### Activity
Within the data below, count the lines that include the word "Model". Provide the number and nothing further.

### Records provided
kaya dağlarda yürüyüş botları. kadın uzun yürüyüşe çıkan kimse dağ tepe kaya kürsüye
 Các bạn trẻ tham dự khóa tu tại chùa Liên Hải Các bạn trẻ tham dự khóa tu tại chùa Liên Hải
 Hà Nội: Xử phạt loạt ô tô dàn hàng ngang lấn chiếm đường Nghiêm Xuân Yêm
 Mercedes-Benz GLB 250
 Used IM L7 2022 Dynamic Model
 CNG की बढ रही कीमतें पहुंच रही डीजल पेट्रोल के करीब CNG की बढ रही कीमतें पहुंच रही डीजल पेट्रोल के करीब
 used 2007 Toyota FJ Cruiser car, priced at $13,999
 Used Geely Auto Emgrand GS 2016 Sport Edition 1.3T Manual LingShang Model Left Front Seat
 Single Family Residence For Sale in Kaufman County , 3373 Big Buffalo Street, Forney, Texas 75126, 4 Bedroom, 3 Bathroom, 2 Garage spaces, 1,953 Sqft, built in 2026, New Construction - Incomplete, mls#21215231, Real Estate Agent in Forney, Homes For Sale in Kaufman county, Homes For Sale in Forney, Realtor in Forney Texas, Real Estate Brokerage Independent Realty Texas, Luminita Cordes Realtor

### Solution to the problem
2